(Short web captions)

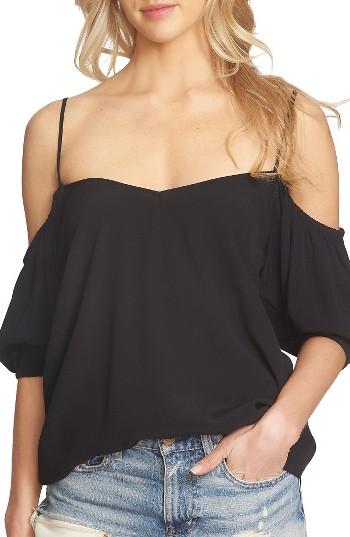 Women's 1.state Balloon Sleeve Off The Shoulder Top, Size - Black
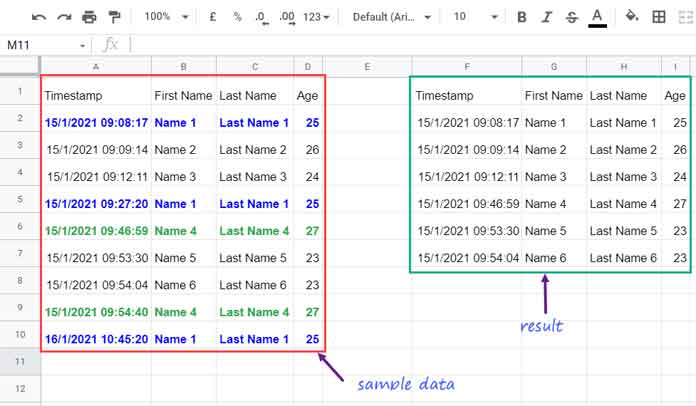 Example to Unique Rows Ignoring Timestamp Column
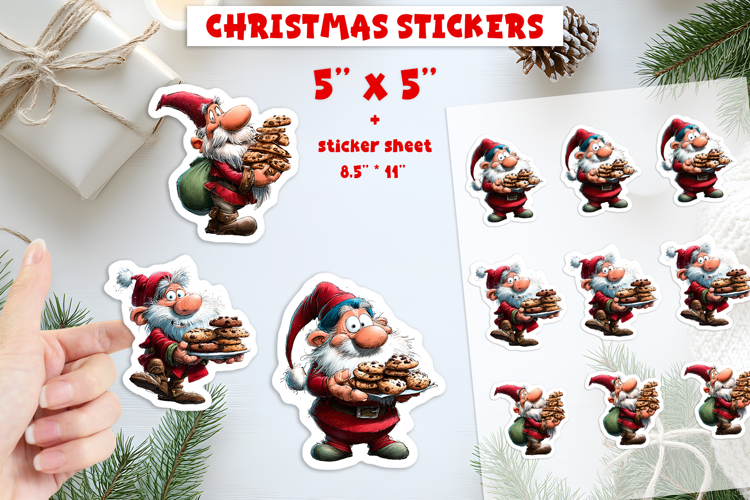 Christmas stickers, fairy gnome with cookies print and cut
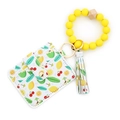 Silicone bead keychain bracelet with lemon and cherry print wallet and tassel - A2 Lemon Yellow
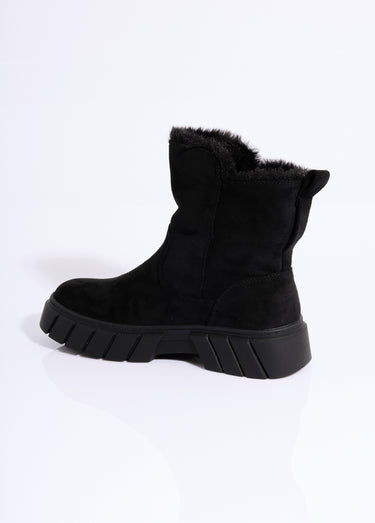 Bottines compensées chaudes en suédine Noir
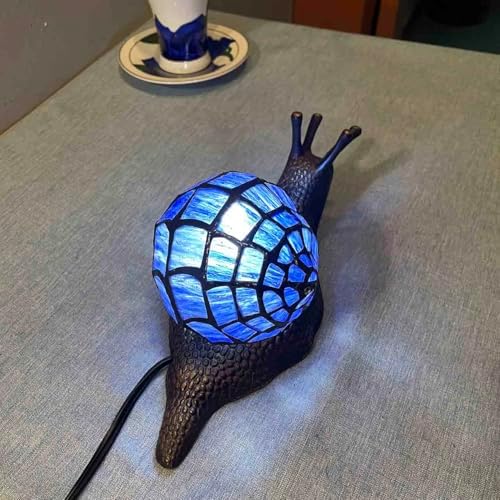 Bieye L10983 Blue Land Snail Tiffany Style Stained Glass Accent Table Lamp - Image 5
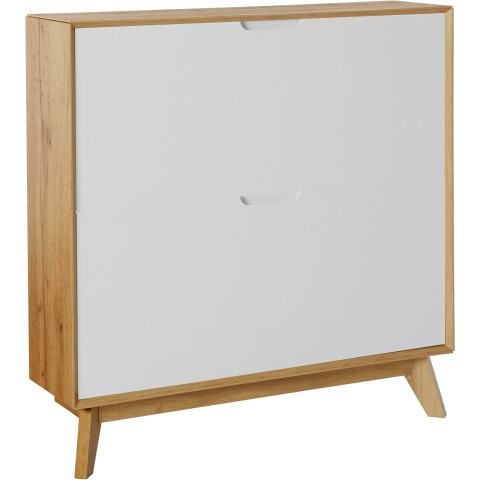 Schuhkipper >Essen< in Eiche-Dekor / Weiß - 89x90x24cm (BxHxT)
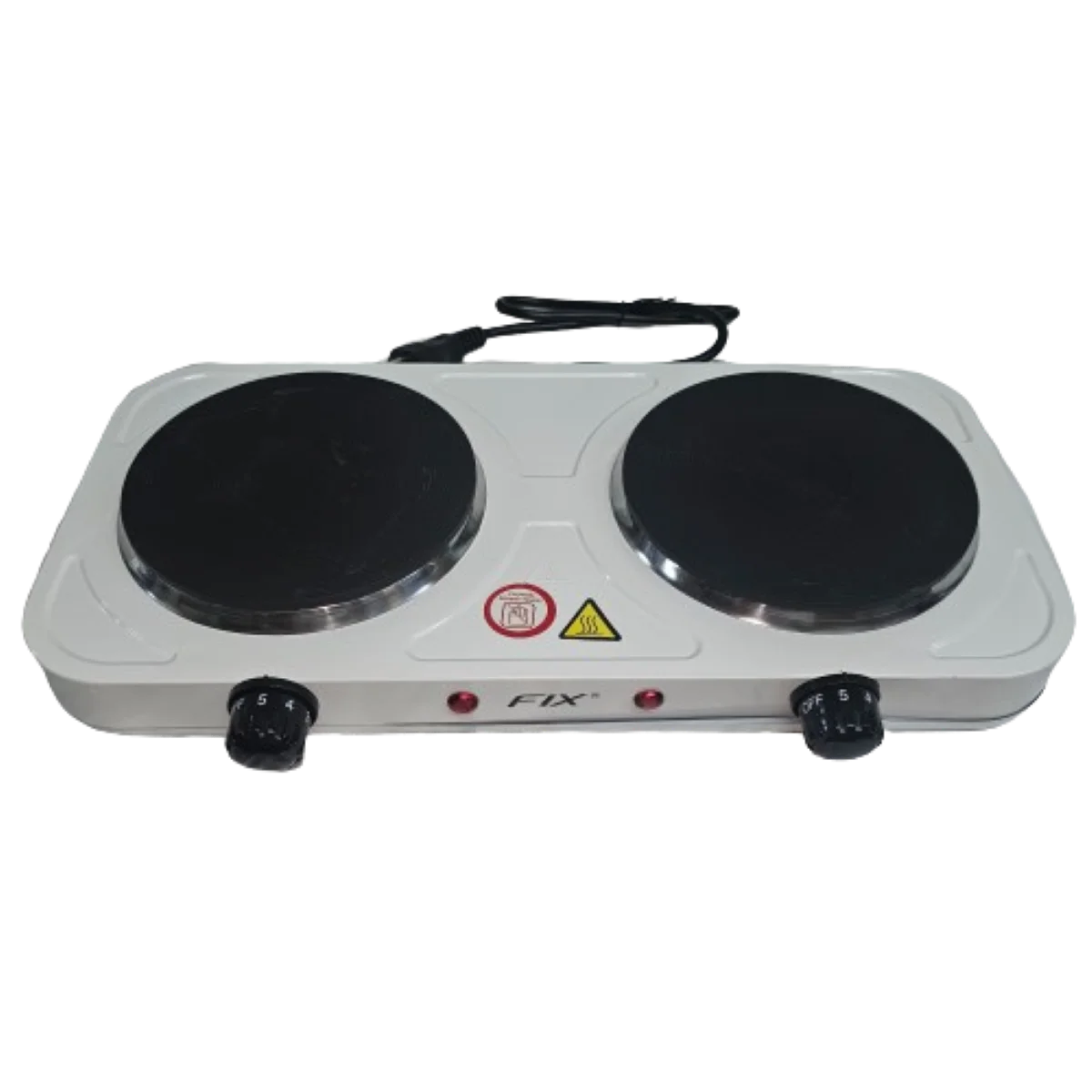 Portable Electric Cooktop 2 Burners | Disc Stove | 110V | White & Black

WHAT YOU WILL DO: Reproduce every entry above exactly, and omit the pictures.

WRITTEN ANSWER:
 Women's 1.state Balloon Sleeve Off The Shoulder Top, Size - Black
 Example to Unique Rows Ignoring Timestamp Column
 Christmas stickers, fairy gnome with cookies print and cut
 Silicone bead keychain bracelet with lemon and cherry print wallet and tassel - A2 Lemon Yellow
 Bottines compensées chaudes en suédine Noir
 Bieye L10983 Blue Land Snail Tiffany Style Stained Glass Accent Table Lamp - Image 5
 Schuhkipper >Essen< in Eiche-Dekor / Weiß - 89x90x24cm (BxHxT)
 Portable Electric Cooktop 2 Burners | Disc Stove | 110V | White & Black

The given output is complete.